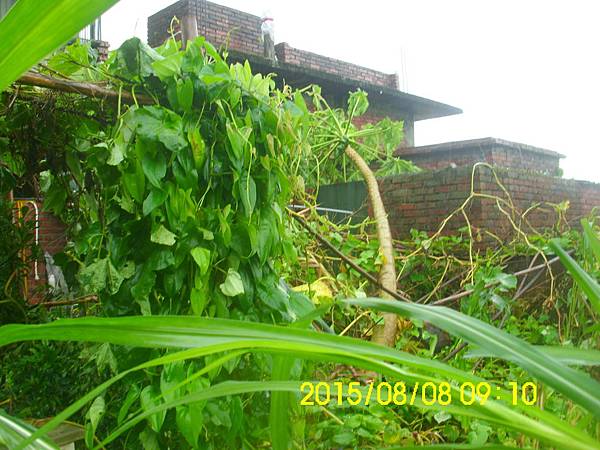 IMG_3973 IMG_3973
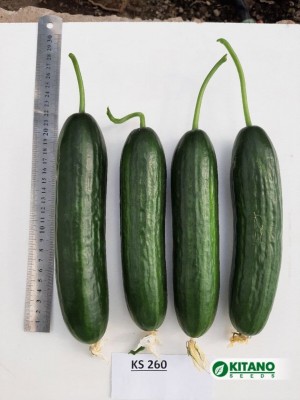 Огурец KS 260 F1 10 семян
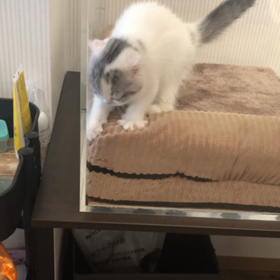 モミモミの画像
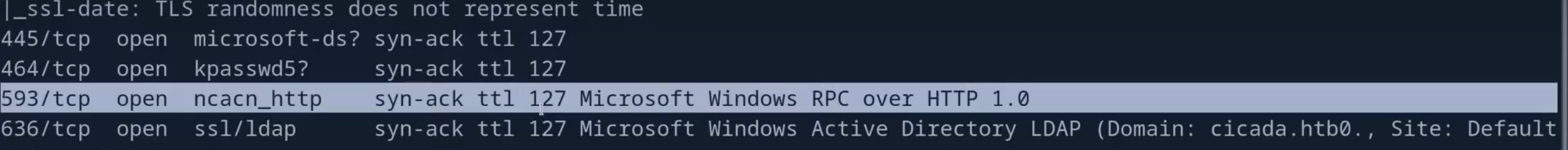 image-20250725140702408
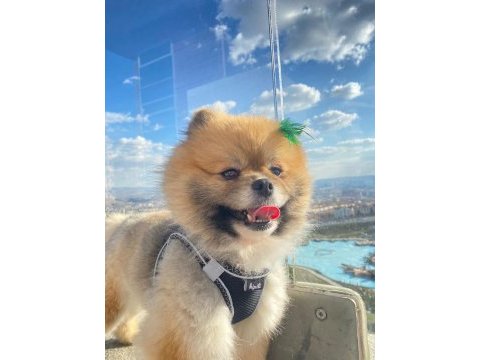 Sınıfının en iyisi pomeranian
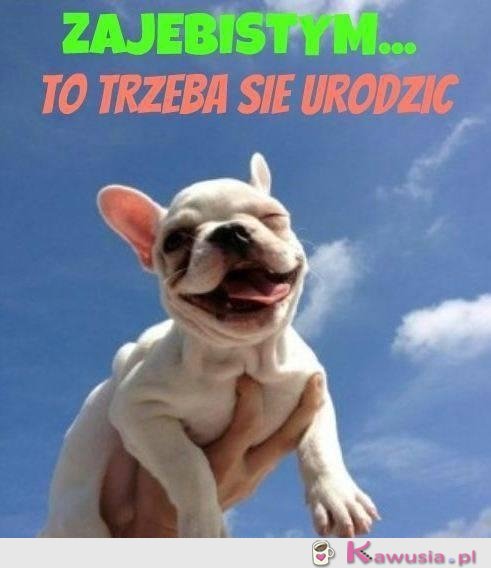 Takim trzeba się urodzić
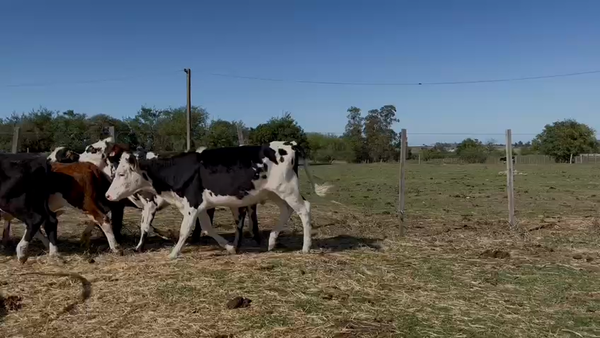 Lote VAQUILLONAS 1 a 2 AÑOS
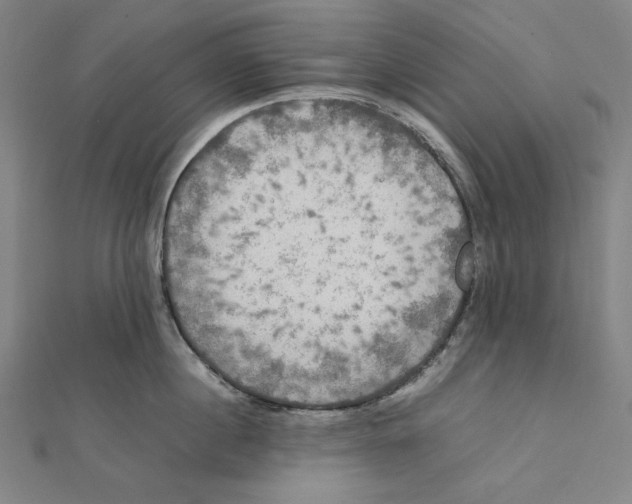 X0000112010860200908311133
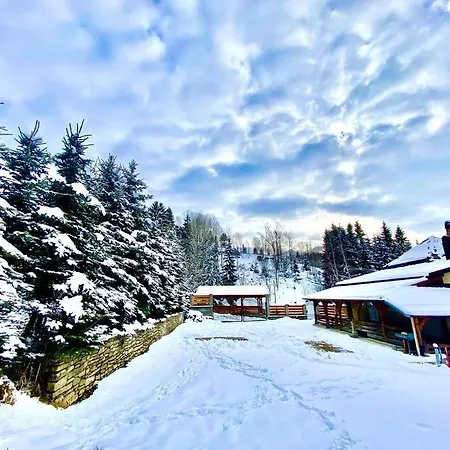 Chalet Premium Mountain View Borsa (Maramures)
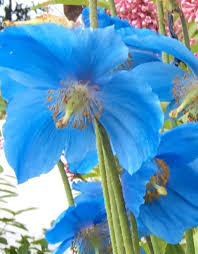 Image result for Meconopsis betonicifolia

□ □ □ □ □ □ □

Starting at the line that contains "Sınıfının en iyisi pomeranian", write out every line through the end of the entries, both ends included, without any pictures.

**Exercise solution**
 Sınıfının en iyisi pomeranian
 Takim trzeba się urodzić
 Lote VAQUILLONAS 1 a 2 AÑOS
 X0000112010860200908311133
 Chalet Premium Mountain View Borsa (Maramures)
 Image result for Meconopsis betonicifolia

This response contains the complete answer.